Bigeye overfishing & FADs
Commission members did not agree on any new measures to end overfishing of bigeye tuna. That means there will be no reduction in bigeye catches and no limit to the number of fish aggregating devices (FADs) that vessels can deploy The region’s bigeye population is overfished and is at just 16 percent of unfished levels and current measures have not worked.
Commission members broadly acknowledged the dire state of Pacific bluefin tuna but did not direct the Northern Committee to do anything more to reverse declines. The population is at just 4 percent of unfished levels and scientists warn that the numbers will continue to drop until 2018 under current measures.
The Commission agreed to a work plan for developing harvest strategies for most of the region’s commercially fished tuna stocks.

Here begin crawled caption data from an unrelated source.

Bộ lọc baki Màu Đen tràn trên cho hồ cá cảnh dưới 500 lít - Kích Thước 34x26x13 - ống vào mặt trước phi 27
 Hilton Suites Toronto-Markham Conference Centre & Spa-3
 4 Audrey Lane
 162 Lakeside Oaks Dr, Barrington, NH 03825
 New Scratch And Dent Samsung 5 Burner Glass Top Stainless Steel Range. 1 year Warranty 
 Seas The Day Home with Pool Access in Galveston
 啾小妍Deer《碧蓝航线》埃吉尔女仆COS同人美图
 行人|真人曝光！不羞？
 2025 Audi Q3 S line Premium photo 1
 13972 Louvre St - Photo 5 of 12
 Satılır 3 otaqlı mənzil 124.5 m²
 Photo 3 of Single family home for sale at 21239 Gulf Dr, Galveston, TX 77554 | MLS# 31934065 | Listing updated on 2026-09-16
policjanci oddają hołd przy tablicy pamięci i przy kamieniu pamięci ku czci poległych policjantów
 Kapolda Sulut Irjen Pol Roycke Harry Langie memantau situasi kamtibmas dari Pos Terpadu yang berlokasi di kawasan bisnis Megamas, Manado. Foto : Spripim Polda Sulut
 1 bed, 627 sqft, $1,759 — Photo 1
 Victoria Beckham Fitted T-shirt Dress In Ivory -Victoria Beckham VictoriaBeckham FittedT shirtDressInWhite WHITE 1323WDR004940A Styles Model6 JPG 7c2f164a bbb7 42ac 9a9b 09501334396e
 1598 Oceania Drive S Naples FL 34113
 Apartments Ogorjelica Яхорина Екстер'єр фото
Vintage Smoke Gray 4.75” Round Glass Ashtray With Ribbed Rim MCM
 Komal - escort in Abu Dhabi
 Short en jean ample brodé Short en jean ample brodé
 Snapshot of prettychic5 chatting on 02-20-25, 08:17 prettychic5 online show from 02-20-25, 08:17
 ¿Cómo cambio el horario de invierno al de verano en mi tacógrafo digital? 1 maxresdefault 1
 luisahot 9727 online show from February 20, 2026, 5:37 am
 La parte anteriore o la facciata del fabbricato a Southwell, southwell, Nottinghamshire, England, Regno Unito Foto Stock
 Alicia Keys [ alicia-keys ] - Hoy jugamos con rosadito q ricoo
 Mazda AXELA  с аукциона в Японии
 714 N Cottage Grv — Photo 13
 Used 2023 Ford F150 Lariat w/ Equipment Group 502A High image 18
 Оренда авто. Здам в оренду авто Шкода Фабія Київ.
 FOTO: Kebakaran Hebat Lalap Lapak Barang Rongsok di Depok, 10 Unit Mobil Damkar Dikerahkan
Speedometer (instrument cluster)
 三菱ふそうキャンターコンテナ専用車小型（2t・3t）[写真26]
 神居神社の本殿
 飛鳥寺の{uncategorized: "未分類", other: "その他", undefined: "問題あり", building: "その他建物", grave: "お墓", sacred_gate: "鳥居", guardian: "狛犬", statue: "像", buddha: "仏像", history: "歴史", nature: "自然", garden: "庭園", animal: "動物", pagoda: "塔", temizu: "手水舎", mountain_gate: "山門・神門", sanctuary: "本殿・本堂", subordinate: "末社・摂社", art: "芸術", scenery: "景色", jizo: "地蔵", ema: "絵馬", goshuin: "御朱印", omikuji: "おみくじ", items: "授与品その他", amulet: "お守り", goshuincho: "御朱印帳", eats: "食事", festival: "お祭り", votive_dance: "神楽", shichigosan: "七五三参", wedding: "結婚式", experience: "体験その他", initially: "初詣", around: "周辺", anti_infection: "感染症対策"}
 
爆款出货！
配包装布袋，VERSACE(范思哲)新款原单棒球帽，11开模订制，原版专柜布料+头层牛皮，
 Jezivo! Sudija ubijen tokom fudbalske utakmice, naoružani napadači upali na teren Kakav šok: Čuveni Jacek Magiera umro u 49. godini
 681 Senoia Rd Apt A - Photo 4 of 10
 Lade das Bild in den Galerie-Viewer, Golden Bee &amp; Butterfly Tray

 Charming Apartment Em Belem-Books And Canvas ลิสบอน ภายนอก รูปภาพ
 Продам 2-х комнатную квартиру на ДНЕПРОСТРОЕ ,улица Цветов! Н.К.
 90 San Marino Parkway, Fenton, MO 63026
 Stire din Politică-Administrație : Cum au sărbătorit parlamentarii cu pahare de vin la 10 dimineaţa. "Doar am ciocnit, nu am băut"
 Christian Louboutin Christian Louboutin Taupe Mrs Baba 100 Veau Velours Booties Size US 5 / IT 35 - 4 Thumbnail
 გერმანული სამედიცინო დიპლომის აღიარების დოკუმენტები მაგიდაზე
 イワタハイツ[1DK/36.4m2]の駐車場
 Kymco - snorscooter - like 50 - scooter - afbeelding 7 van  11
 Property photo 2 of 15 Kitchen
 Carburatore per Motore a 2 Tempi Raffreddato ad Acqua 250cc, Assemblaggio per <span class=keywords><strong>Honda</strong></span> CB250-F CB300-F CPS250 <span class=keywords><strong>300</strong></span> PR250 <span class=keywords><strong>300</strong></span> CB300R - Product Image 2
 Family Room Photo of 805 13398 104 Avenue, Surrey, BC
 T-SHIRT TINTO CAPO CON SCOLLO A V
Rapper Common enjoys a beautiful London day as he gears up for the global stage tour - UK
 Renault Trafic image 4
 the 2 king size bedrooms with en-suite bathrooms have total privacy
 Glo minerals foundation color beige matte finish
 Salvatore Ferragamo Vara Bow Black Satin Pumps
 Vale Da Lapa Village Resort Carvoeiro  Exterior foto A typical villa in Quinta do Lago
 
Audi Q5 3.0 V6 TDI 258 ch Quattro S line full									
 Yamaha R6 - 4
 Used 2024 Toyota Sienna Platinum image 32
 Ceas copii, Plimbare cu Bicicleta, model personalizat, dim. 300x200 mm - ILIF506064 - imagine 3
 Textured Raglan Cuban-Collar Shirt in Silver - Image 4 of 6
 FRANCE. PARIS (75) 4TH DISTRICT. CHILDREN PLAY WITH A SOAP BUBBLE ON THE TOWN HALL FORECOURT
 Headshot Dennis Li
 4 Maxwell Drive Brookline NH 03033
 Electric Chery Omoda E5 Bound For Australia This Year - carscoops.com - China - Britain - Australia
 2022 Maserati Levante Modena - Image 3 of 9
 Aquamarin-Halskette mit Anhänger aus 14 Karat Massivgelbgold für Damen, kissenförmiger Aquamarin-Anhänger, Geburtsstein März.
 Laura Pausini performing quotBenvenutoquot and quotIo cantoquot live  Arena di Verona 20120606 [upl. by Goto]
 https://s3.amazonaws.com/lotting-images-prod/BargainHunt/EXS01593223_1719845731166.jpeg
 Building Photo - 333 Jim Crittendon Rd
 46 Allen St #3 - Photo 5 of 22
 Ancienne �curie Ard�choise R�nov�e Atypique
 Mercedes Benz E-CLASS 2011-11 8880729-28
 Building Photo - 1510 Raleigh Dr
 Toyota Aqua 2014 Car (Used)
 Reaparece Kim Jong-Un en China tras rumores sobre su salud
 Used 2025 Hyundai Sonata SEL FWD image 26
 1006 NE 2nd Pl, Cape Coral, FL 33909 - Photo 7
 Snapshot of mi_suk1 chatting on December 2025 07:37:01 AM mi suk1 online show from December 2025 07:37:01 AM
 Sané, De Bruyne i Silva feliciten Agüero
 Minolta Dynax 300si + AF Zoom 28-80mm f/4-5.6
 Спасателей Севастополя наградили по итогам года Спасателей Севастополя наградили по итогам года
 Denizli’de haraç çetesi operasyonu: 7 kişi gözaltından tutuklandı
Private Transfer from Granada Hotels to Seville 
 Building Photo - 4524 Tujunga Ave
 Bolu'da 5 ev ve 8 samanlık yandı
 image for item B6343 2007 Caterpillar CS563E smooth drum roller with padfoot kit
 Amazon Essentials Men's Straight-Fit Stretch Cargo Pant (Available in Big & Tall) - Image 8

Last year the commission committed to developing and implementing a six-part harvest strategy approach for each of the key tuna fisheries, or stocks.
For skipjack tuna, the Commission agreed to a target reference point of 0.50 SB0. This follows scientific advice, is precautionary, and equivalent to about twice the biomass needed to provide maximum sustainable yield. A target reference point identifies the ideal level of fishing for a stock.
Ending illegal fishing
Commission members failed to adopt minimum standards to guide countries in the implementation of port controls. This is the sixth year in a row that Commission members were unable to adopt minimum standards for port controls. Port State Measures are cost-effective tools to monitor compliance with management arrangements and to prevent illegally caught fish from entering the market.
In addition, Commission members will continue to allow at-sea transshipments for longline vessels. Transshipment at sea—transferring a vessel’s catch to another ship— provides opportunities for those fishing illegally to avoid reporting catch and to launder their illicit catch.
Members did agree, however, to update the Commission’s vessel monitoring system (VMS) standards for reporting appropriately to the Secretariat. If specific VMS unit types prove problematic with meeting the new standards, these unit types would have to be phased out of service within three years.